Recently published research shows that laboratory-confirmed influenza infection resulted in 45% more missed work hours and more severe illness than acute respiratory infections not confirmed as influenza, although the latter can be drastically reduced with vaccination, as reported by Healio. Joshua G. Petrie, MPH, and colleagues write, “With the development of real-time reverse-transcriptase PCR [RT-PCR] assays, we are now able to identify precisely those illnesses that are potentially vaccine-preventable. We can also compare the severity of illnesses laboratory-confirmed as influenza to those that are not.”

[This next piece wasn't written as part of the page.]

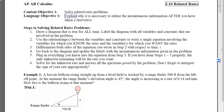This is 3.10 Related Rates, and our first and only objective for the section is to solve related rates problems. By the time we're done with all our examples, you should be able to explain why it's necessary to utilize the instantaneous information after you have taken a derivative. All of these problems will be solved using the same steps.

Petrie and fellow researchers examined a cohort of 1,548 working adult patients with medically attended acute respiratory illnesses (MAARI) who participated in the US Flu Vaccine Effectiveness Network study during the 2012-2013 influenza season, according to Healio. The patients included were employed and worked 20 or more hours a week and had RT-PCR testing, vaccination, and outcome data readily available. Demographic characteristics, productivity impairment information, and subjective self-assessments were collected at enrollment and via a follow-up survey completed 7 to 21 days after illness.
Using the collected data, the researchers compared illness severity and hours of work missed between participants with and without lab-confirmed influenza as well as between those with influenza who did and did not receive seasonal vaccination. About 38% of participants with MAARI tested positive for influenza type A (H3N2), according to researchers, and MAARI cases that tested positive for influenza believed themselves to be less healthy than non-influenza cases upon enrollment. They also reported reduced sleep quality and ability to perform normal activities as well.

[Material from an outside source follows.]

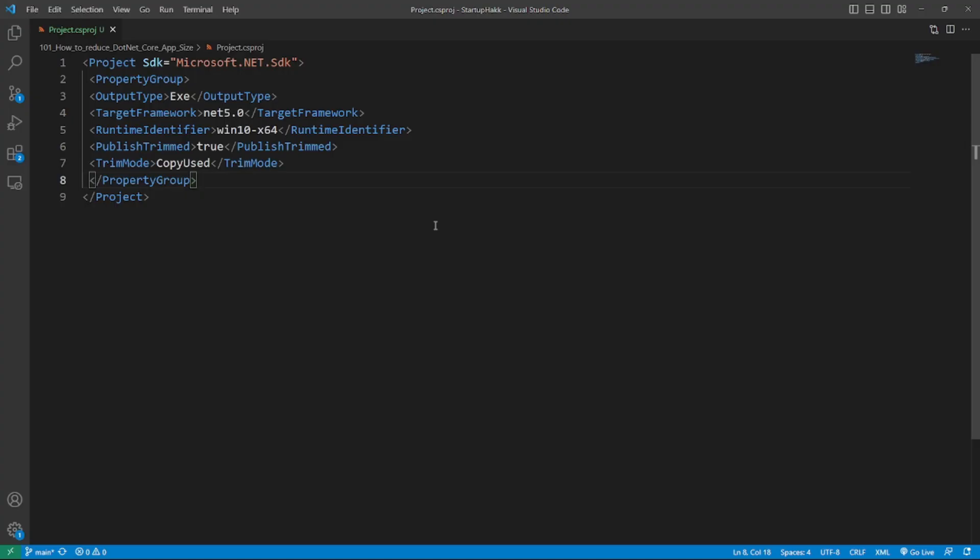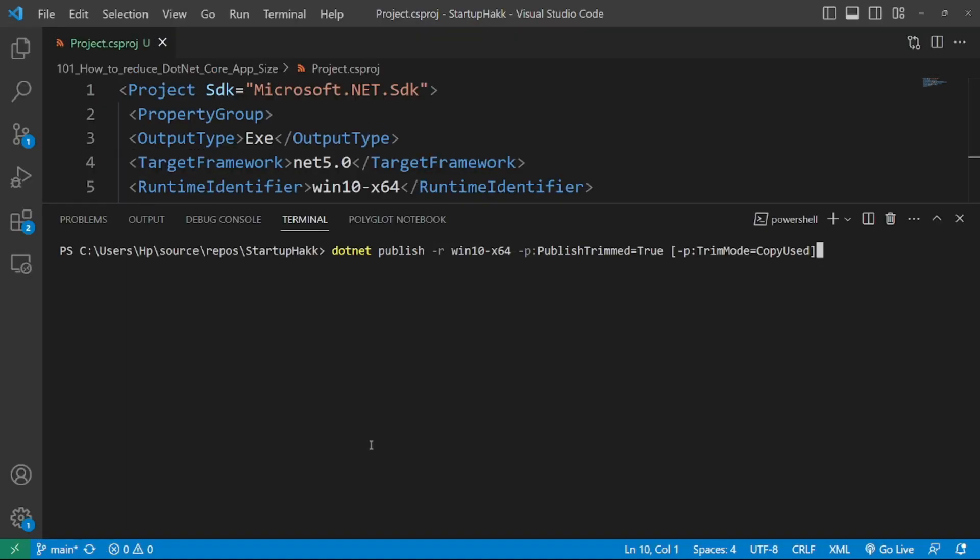Now, Assembly Level Trimming. To perform trimming at assembly level, use the .NET Publish command, either without a Trim Mode or use Trim Mode Copy in the project file. So here's an example, or on the command line, use this command.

Influenza cases reported missing an average of 20.5 work hours due to their illness compared with an average of 15 hours reported by those without influenza. The research team writes, “These findings are consistent with the results of previous studies that indicated influenza illnesses were more likely to be medically attended than illnesses caused by other respiratory viruses, and that those infected with influenza had higher illness severity scores than those with non-influenza acute respiratory illness.”
The impact of influenza on MAARI patients seemed to be diminished by previous vaccination, researchers write, as participants with influenza were more likely than those without to have documented evidence of influenza vaccination, as indicated on the Healio news report. Health status reported at enrollment and ability to perform normal activity were both greater for vaccinated cases of influenza, as opposed to unvaccinated cases.
“Due to the substantial economic and personal burden of acute respiratory illnesses including influenza, there are clear benefits to be gained by effective prevention and treatment strategies,” the researchers write. “These findings confirm the potential value and economic benefit of vaccination and illustrate the importance of laboratory-confirmation of influenza outcomes in evaluations of vaccine effectiveness.”